La Justicia condenó a una empresa tabacalera a pagarle cerca de 300.000 pesos a un hombre de 65 años que fuma desde los 14 años y asegura tener secuelas crónicas debido a que le afectó su salud, aunque la compañía anunció que apelará la medida.
Se trata de Hugo César Lespada, un ciudadano que vive en la localidad de Sierra de los Padres (a 15 km al oeste de Mar del Plata sobre la ruta 226) dedicado a la venta de productos comestibles, que vive con su familia y sus nietos.
Lespada pasó gran parte de su vida preso de la adicción al cigarrillo y con el paso del tiempo su calidad de vida fue empeorando y hoy se hace evidente el deterioro en su cuerpo, producto de los 50 cigarrillos que consume por día desde los 14 años.
El hombre, mediante el abogado Néstor Arostegui, demandó a la empresa que produce los cigarrillos, Massalin Particulares S.A y la Justicia dictaminó a su favor.
El Juzgado Civil y Comercial N§ 14 de Mar del Plata, a cargo de José Méndez Acosta, dictaminó que la empresa tabacalera deberá pagar a Lespada casi 300.000 pesos por los daños y perjuicios derivados del consumo de cigarrillos.
Arostegui, sostuvo que "el fallo tiene fecha el 6 de agosto de este año y es la primera vez que una sentencia judicial sale a favor de un consumidor en Argentina, a pesar de que la tabacalera ya apeló el fallo".
El abogado dijo que "el monto de la condena en un principio era de 100.000 pesos, pero con los montos nominales acumulados se llega a unos 300.000 aproximadamente".
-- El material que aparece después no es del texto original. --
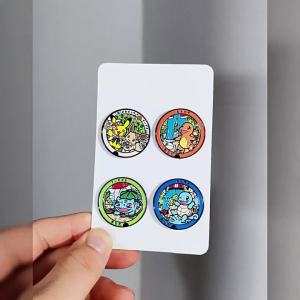 Potdemiel | 4Pcs Pokemon Round Enamel Pins Pikachu Eevee Bulbasaur Squirtle Charmander Metal Brooch Lapel Badge Backpack Decor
"Creemos que para el mes de octubre o noviembre de este años los jueces de cámara sustanciarán la apelación" , presentada por la compañía.
"Lo que pretendemos con Lespada es que este fallo contemple la salud adictiva de la gente, que la gente deje de consumir publicidad engañosa, que los jueces condenen a la tabacalera y que la Justicia analice la salud de la gente como una calidad de vida", señaló.
Lespada, por su parte, recordó el momento en el que comenzó a fumar y aseguró que, "a pesar de sus múltiples intentos", no pudo dejar de fumar cigarrillos, "uno tras otro, día a día". "Uno a través de los años se va dando cuenta de que es una adicción, pero es algo que no se puede dejar. Cuando uno es jovencito el cuerpo es fuerte y no se da cuenta de lo que se está ingiriendo", puntualizó. "El tema es que a medida de que va transcurriendo el tiempo uno va viendo el deterioro y lo va imposibilitando de hacer pequeñas cosas", indicó el hombre, que quiere destinar la plata del fallo a tratamientos para salir de la dependencia y curarse con buenos tratamientos".